Wild is "uplifting, but not in the way of many memoirs, where the uplift makes you feel that you’re committing mental suicide. This book is as loose and sexy and dark as an early Lucinda Williams song. It’s got a punk spirit and makes an earthy and American sound." Dwight Garner, New York Times.
"Big-hearted, keen-eyed, lyrical, precise...Cheryl Strayed reminds us in every line that if defeat and despair are part of human experience, so are kindness, patience, and transcendence."
"Cheryl Strayed is a courageous, gritty, and deceptively elegant writer."
"Cheryl Strayed needed to be alone in the vast American outdoors, but she also needed to tell us about it. The film adaptation of her book — itself already a classic of wilderness writing and modern feminism — provides another reason to be grateful that she did." A.O. Scott, New York Times
"Strayed gives the impression of tapping raw emotion while at the same time exerting tremendous authorial control.
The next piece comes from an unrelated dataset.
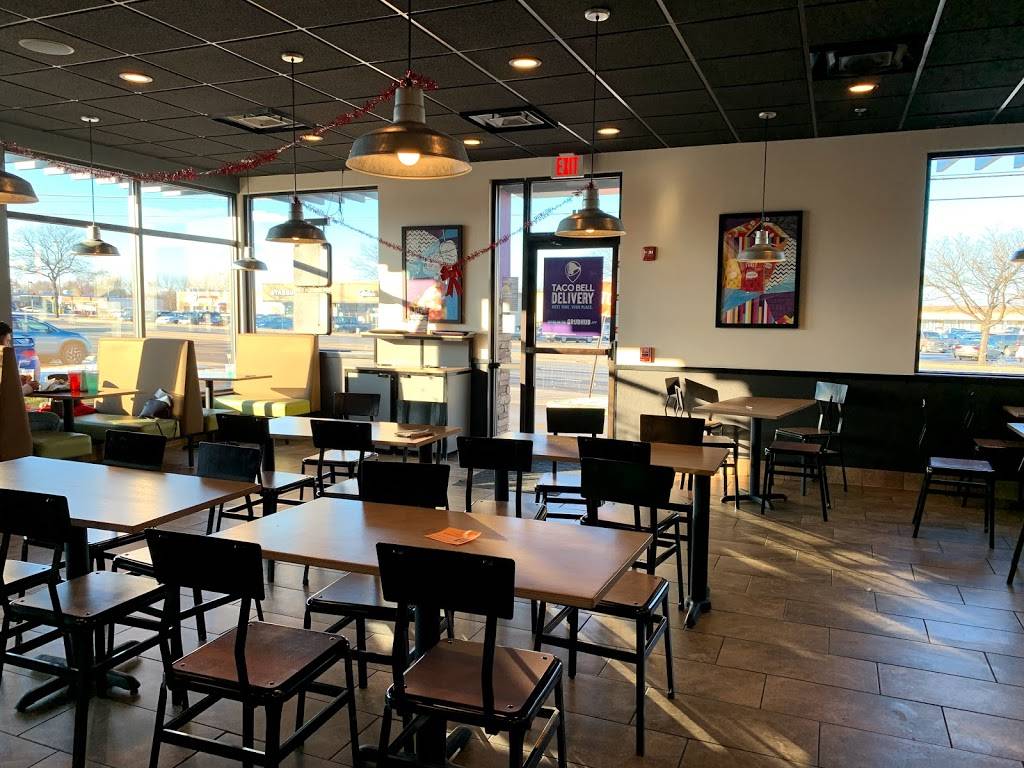 Taco Bell | meal takeaway | 125 W Roosevelt Rd, Villa Park, IL 60181, USA | 6304952787 OR +1 630-495-2787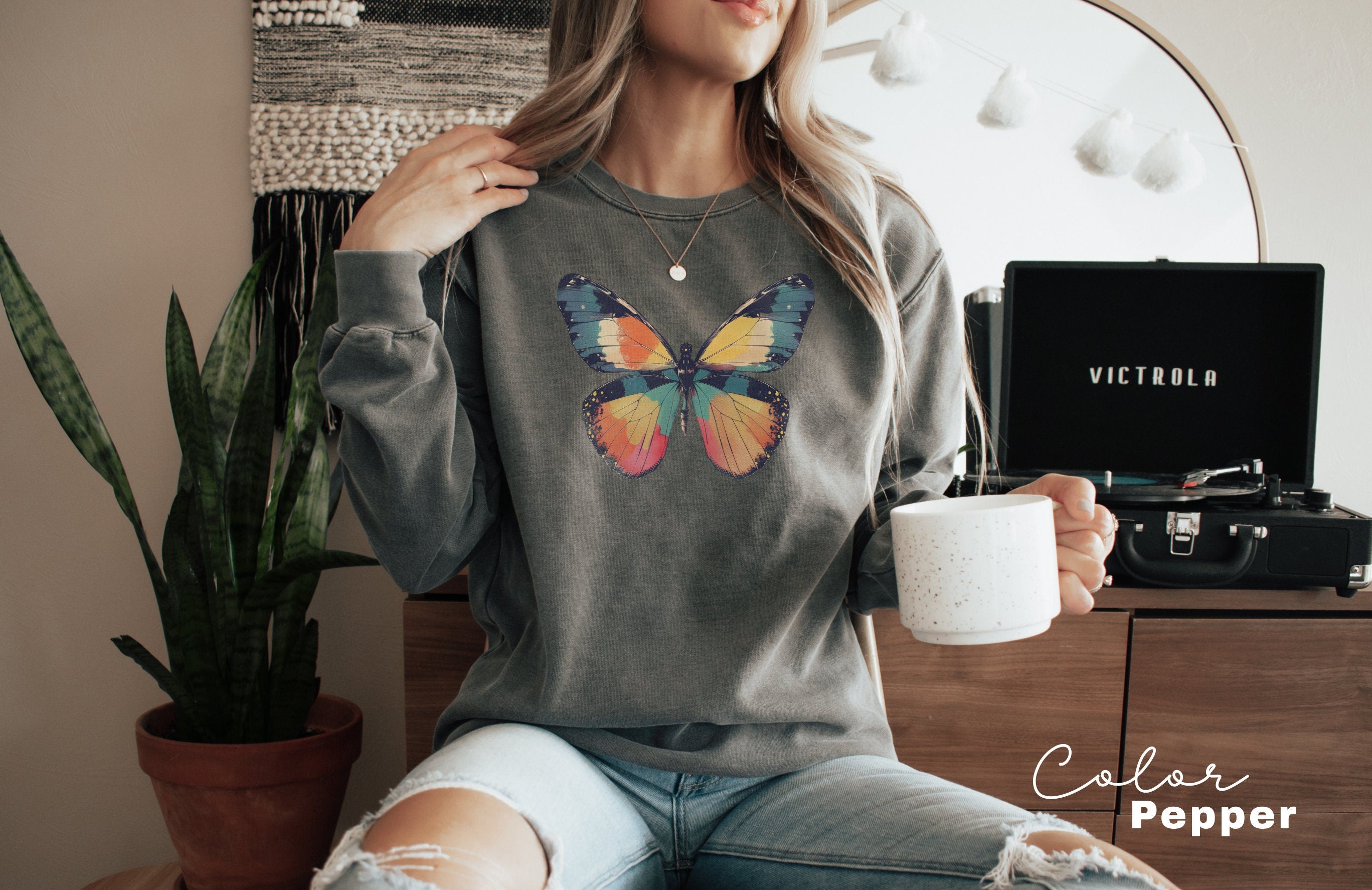 Butterfly Sweatshirt, Cottagecore Sweater, Fiarycore, Graphic Sweatshirt, Butterfly Womens Crewneck, Spring Sweatshirt, Forestcore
Her carefully honed sentences are as sharp as knives."
"In language that's lyrical and haunting, Cheryl Strayed writes about bliss and loss, about the kind of grace that startles and transforms us in ordinary moments."
"No one can write like Cheryl Strayed."
[Wild is] "spectacular... at once a breathtaking adventure tale and a profound meditation on the nature of grief and survival, ... both a literary and human triumph." Dani Shapiro, New York Times Book Review
"Strayed writes fierce truths about how we live, with compassion, humor and uncanny precision. We need her."